## [Dataset records]
----------
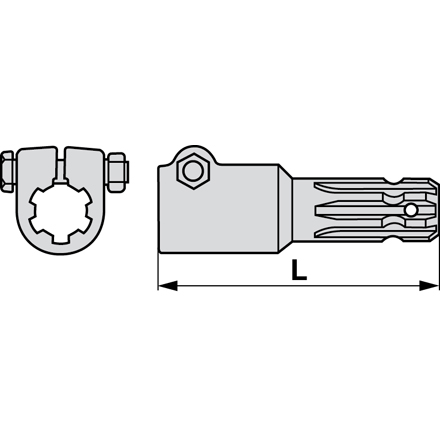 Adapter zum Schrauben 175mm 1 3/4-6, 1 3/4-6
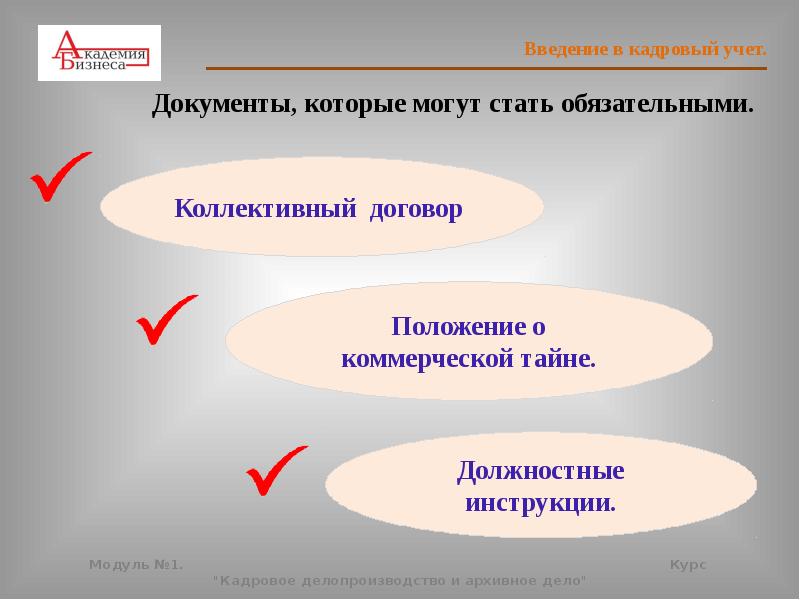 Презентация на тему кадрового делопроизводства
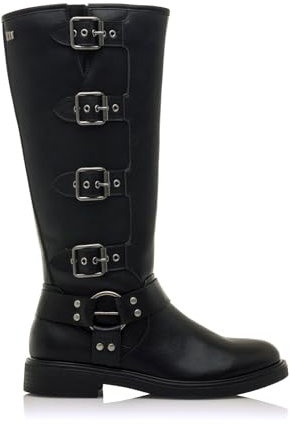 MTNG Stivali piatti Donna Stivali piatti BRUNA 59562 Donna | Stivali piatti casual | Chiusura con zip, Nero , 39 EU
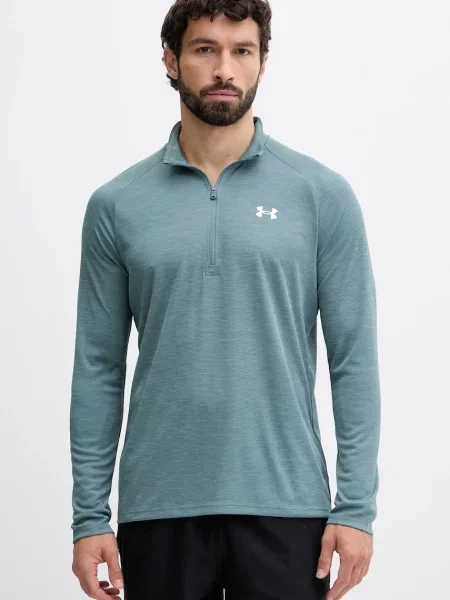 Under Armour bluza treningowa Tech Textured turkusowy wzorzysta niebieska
----------
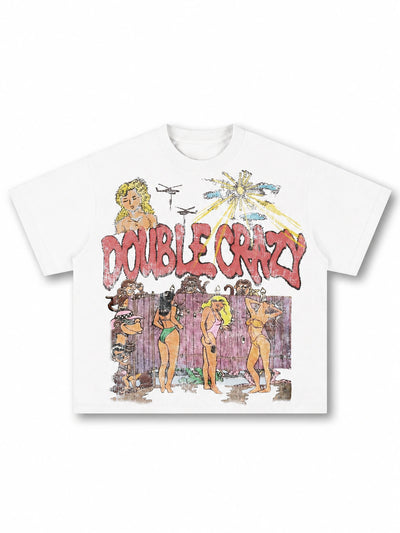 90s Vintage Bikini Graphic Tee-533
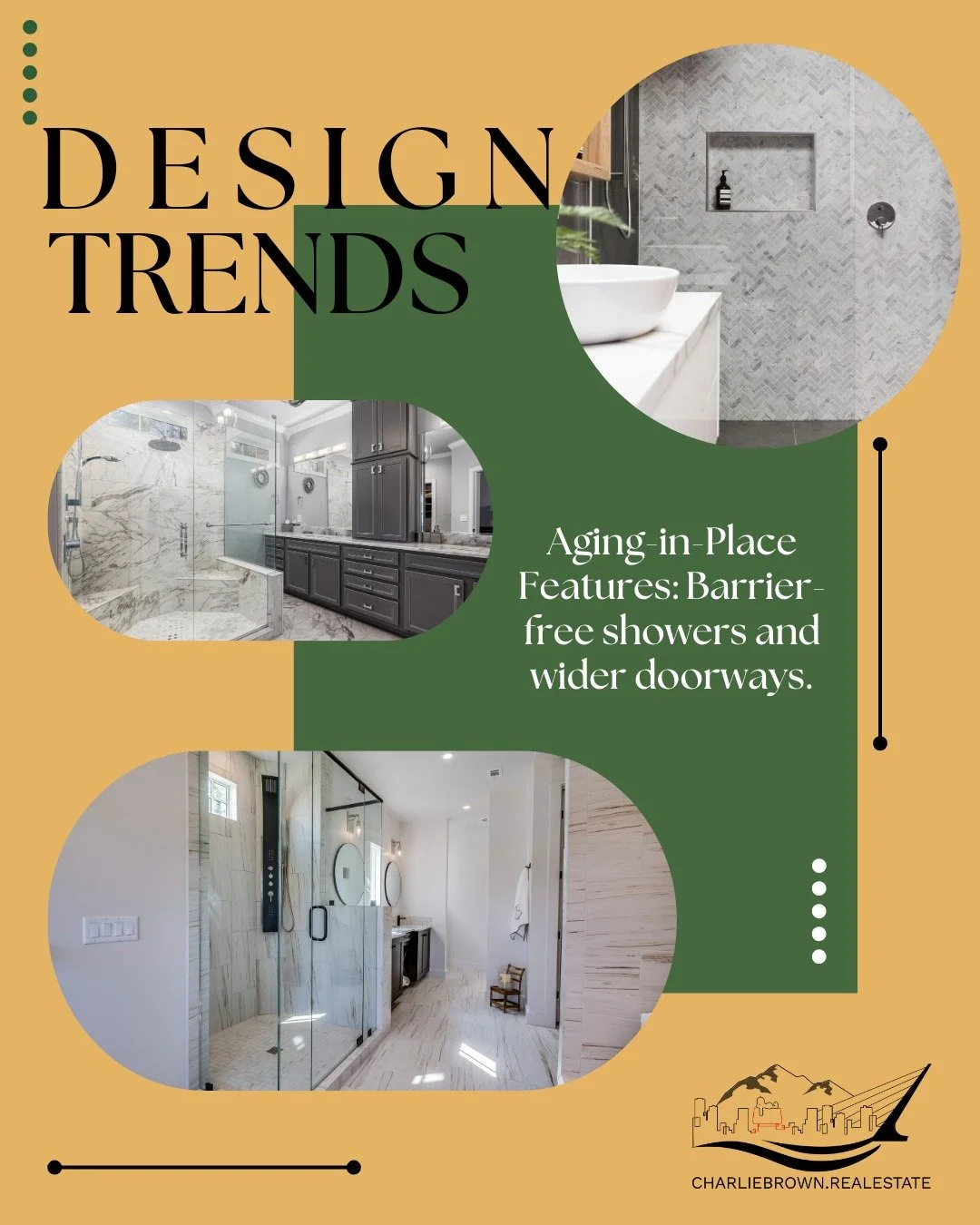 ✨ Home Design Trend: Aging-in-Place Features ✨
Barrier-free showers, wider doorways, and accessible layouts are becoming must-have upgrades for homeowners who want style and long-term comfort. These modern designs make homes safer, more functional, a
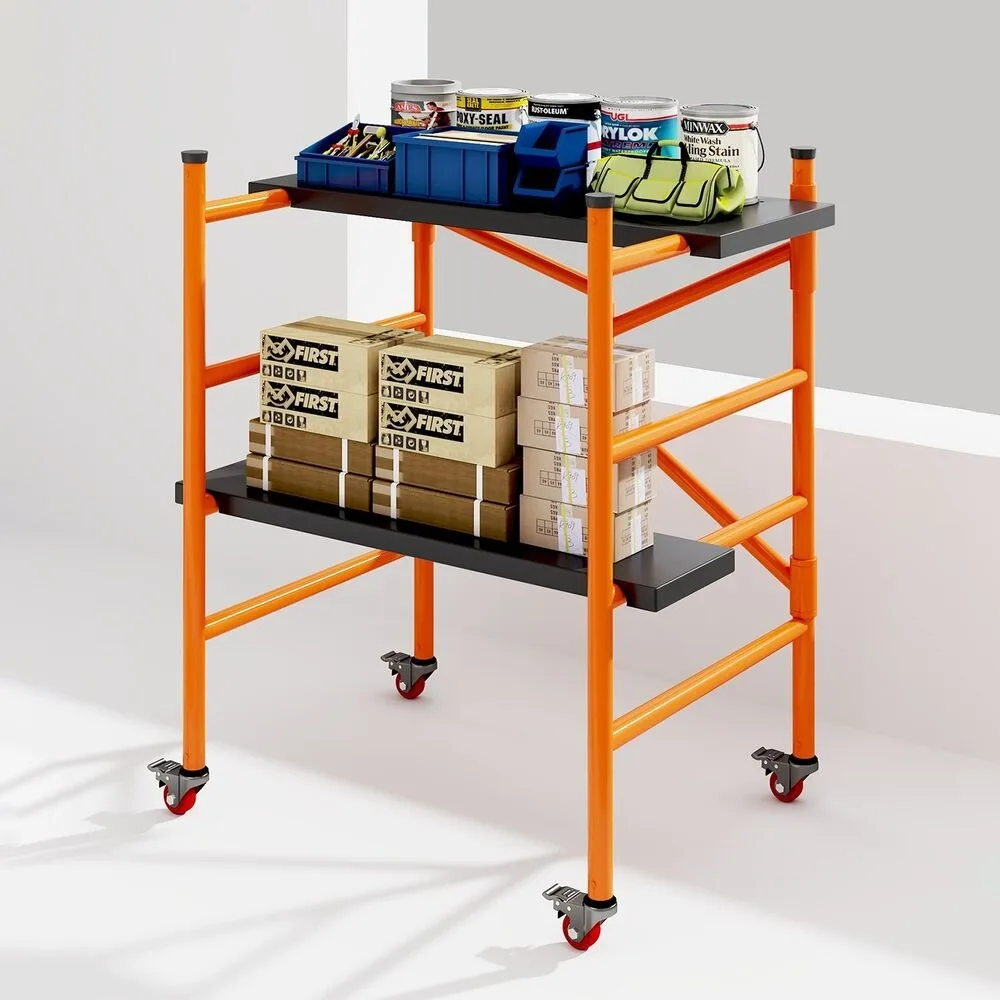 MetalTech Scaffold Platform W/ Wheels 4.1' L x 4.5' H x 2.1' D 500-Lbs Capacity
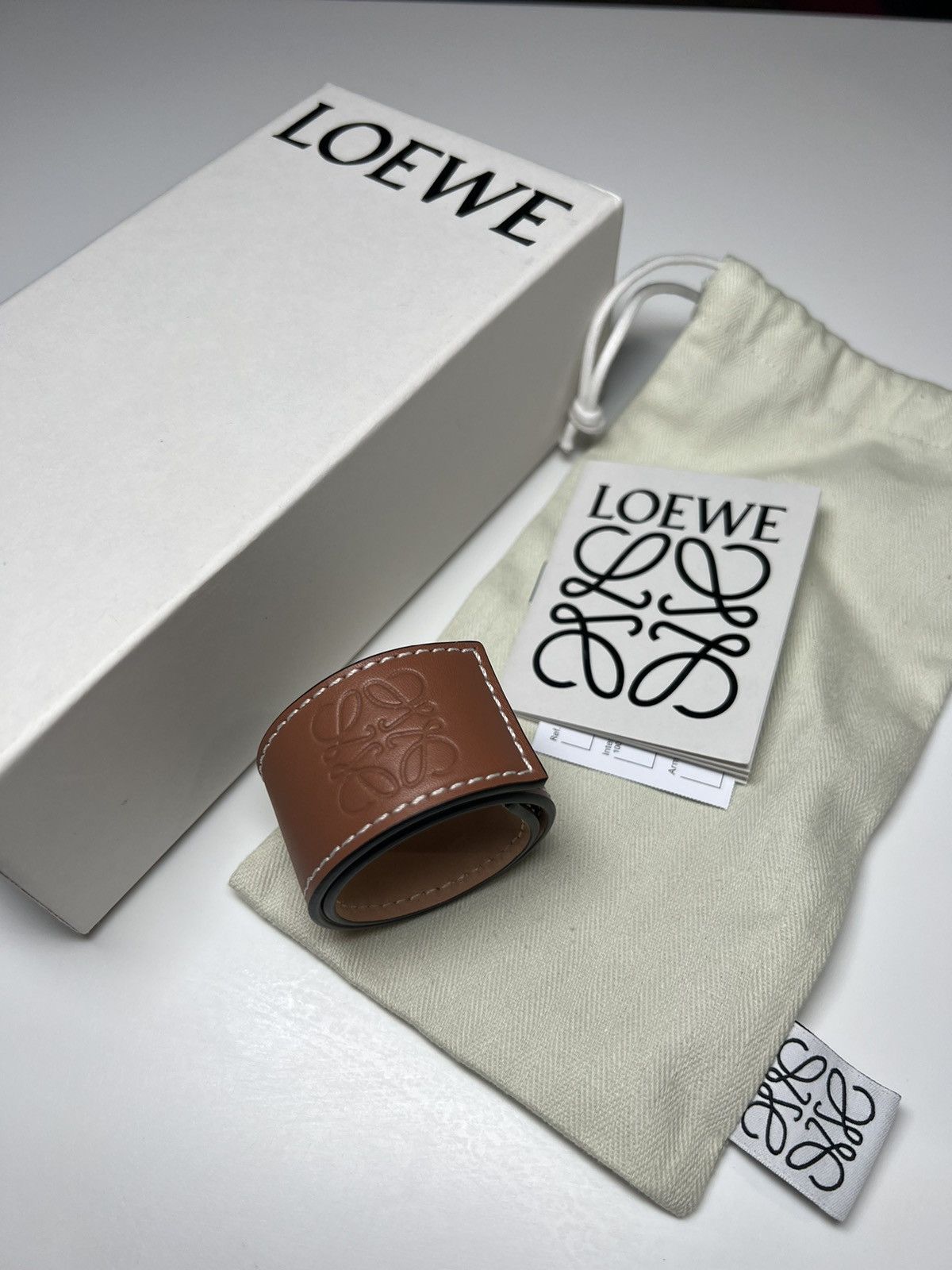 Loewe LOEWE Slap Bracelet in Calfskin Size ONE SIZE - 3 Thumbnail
----------
## [Exercise goal]
Everything from the line above that contains "Презентация на тему" down to the line that contains "Under Armour bluza" must be reproduced exactly, both ends included. Omit the pictures.

## [Exercise answer]
 Презентация на тему кадрового делопроизводства
 MTNG Stivali piatti Donna Stivali piatti BRUNA 59562 Donna | Stivali piatti casual | Chiusura con zip, Nero , 39 EU
 Under Armour bluza treningowa Tech Textured turkusowy wzorzysta niebieska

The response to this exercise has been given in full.